A psychic helps investigate a series of murders committed by another psychic.

Katherine and Joe
Plot Summary
Jeffrey Dean Morgan plays an FBI agent named Joe who’s tasked with solving a series of murders with his plucky partner Katherine.

Joe gets some extra help
For extra assistance, he recruits his old friend John Clancy (Anthony Hopkins), a psychic who’s worked with the FBI in the past, but has since retired after his daughter died of cancer.

One of John’s visions
Whenever John touches someone or something, he gets visions of the past, present, or future.

What a team!
Investigation
Together, this team of three deduces that all the victims had a terminal condition, and that the murderer was mercy killing them. The murderer, we later find out, is named Charles Ambrose (Colin Farrell) – another psychic!

Charles in one of John’s visions
Joe is wounded in a shootout with an unrelated murderer, and in the hospital, reveals he has terminal cancer. Cut to the next scene – his funeral (what?!). Charles kills him offscreen!

Wait, what’s happening?
Two Psychics
Charles and John meet each other face-to-face and debate their dueling ideologies.

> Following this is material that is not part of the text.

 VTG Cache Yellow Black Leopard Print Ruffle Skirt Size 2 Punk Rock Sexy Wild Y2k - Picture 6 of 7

Charles meets John in a diner
After getting visions of Katherine’s death throughout the film, John preemptively shoots – and kills – Charles to save her life.

It’s okay – she’s fine!
But in the final scene, we learn that John isn’t quite so different from Charles after all, and that he mercy killed his sick daughter. So, yeah, shame on him for being a hypocrite (I think that’s what we’re supposed to think).

John reconciles with his wife in the final scene
Thoughts
This movie started off really promising; it had a nice, dark feel sprinkled with dry humor. Reminded me a bit of Close Your Eyes, actually – especially with the whole “law enforcement person teams up with person who has a special ability to solve a crime” thing.

These two were great together
But it all starts going downhill fast once Jeffrey Dean Morgan is unceremoniously killed off. It happens so suddenly, and he doesn’t even get a death scene, nor do we even see his body afterwards! Was there a behind the scenes issue? Did they only have a finite amount of time to work with him before he had to rush over to the set of Extant?

After Joe dies, the film’s viewpoint shifts exclusively to John
The film likes to use a lot of quick cuts during certain scenes; they definitely worked well with the abstract imagery of the psychic visions, making them disorienting and dreamlike. Where they definitely didn’t work? During a simple FBI briefing/exposition scene early on. That was a strange choice.

Charles leaves a message for Katherine
Charles’ point of view, giving terminal patients painless deaths, is of course valid, but the big issue I have with with him is how he takes the lives of his victims before their symptoms get really bad. Couldn’t he have waited to give them a couple months or even days to enjoy their lives some more?